Hier gloort iets van Pasen. God is zelfs machtig over de grootste vijand! Dood is iets vreselijks. Verdriet, eenzaamheid. God laat zien: bij Mij is het leven. Dan zien we een voorafschaduwing van Pasen. Jezus redt van de dood. Deze man moest weer eens sterven. Maar Jezus overwint de dood. Dan is de dood voorbij. Bij Hem is verlossing, heil, zaligheid. Ik ben de Opstanding en het Leven. Wie in Mij gelooft, zal leven al was hij ook gestorven. Er is heil, verwachting, bij die Zoon van God. Alleen door Hem. Geloven is laten zien dat je lege handen heb. Laten zien dat ik niets heb. Als Gij in het recht zou treden, wie zou bestaan? Maar je zo werpen op de genade van God?
In die wonderlijke gebeurtenissen zit iets van een sacrament. Zo waar God belooft, zo echt gebeurt het. Is dat nou je leven? Mag je je daar nou aan overgeven? Met je twijfels en aanvechting. Laat me zo bij U schuilen. In leven en sterven. Niet zoals Joas die zich uiteindelijk niet gaf. Die het niet uit handen wilde geven. Maar wel oprecht. Als gave van God. God wil het geven.
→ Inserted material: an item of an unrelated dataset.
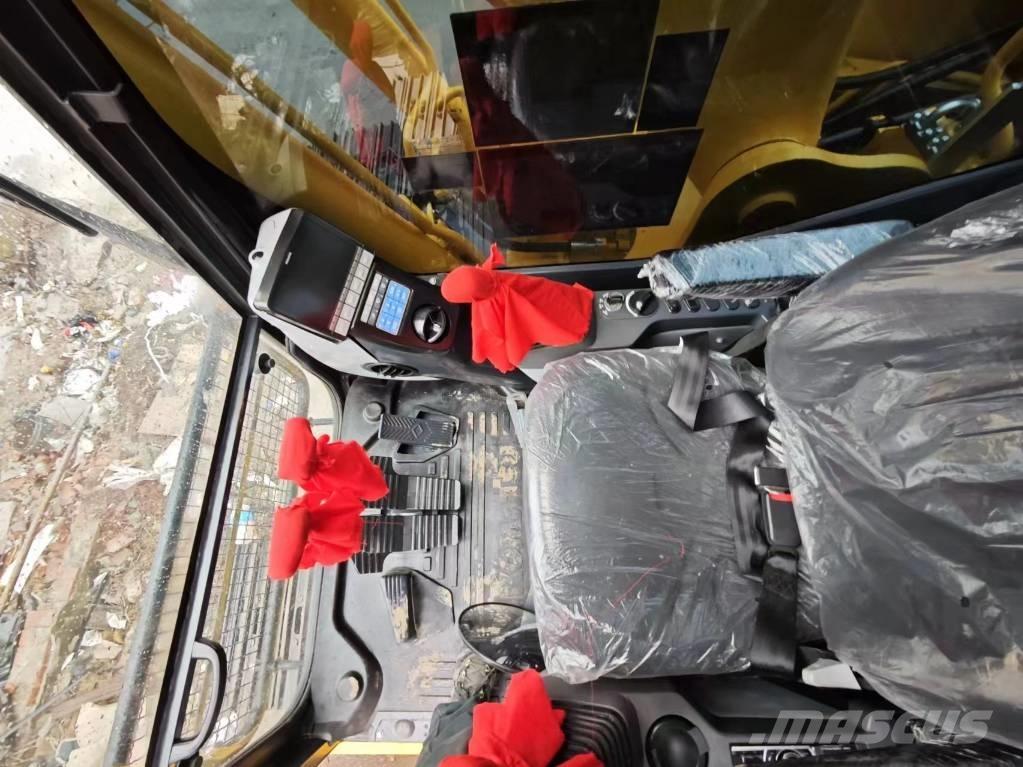 Komatsu PC 220-8 대형 굴삭기 29톤 이상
Zo waar de verlossingspijl wegvliegt, zo waar komt de verlossing. Zo waar deze man opstaat, zo waar zal ieder die geloof en gestorven is, opstaan.
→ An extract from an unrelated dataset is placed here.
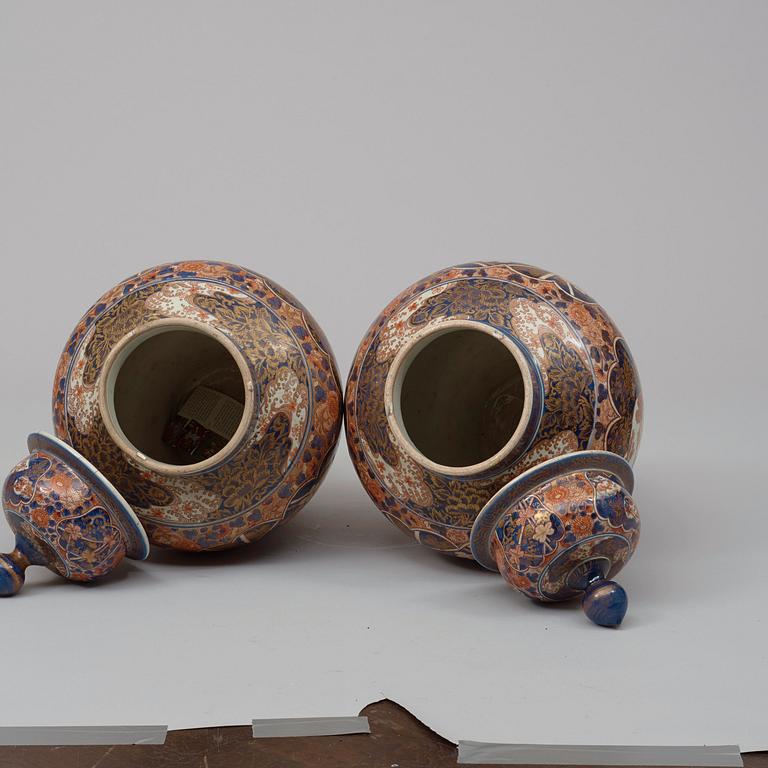 A pair of Japanese imari jars with covers, Edo Period (1603-1868).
We gaan eindigen. Elisa’s ziekte en sterven is als het ware een vinger omhoog. Nog een keer wordt zijn naam onderstreept. God redt. Alleen Hij. Zoek het bij Hem. Leef met Hem. God redt. Voor nu en eeuwig. Elisa. Jezus, de Zaligmaker van God voor de mensen.
Amen.
Hervormde Gemeente Reeuwijk, Ichthuskerk, zondag 14 mei 2023, 9.30 uur. Schriftlezing 2 Koningen 13:14b.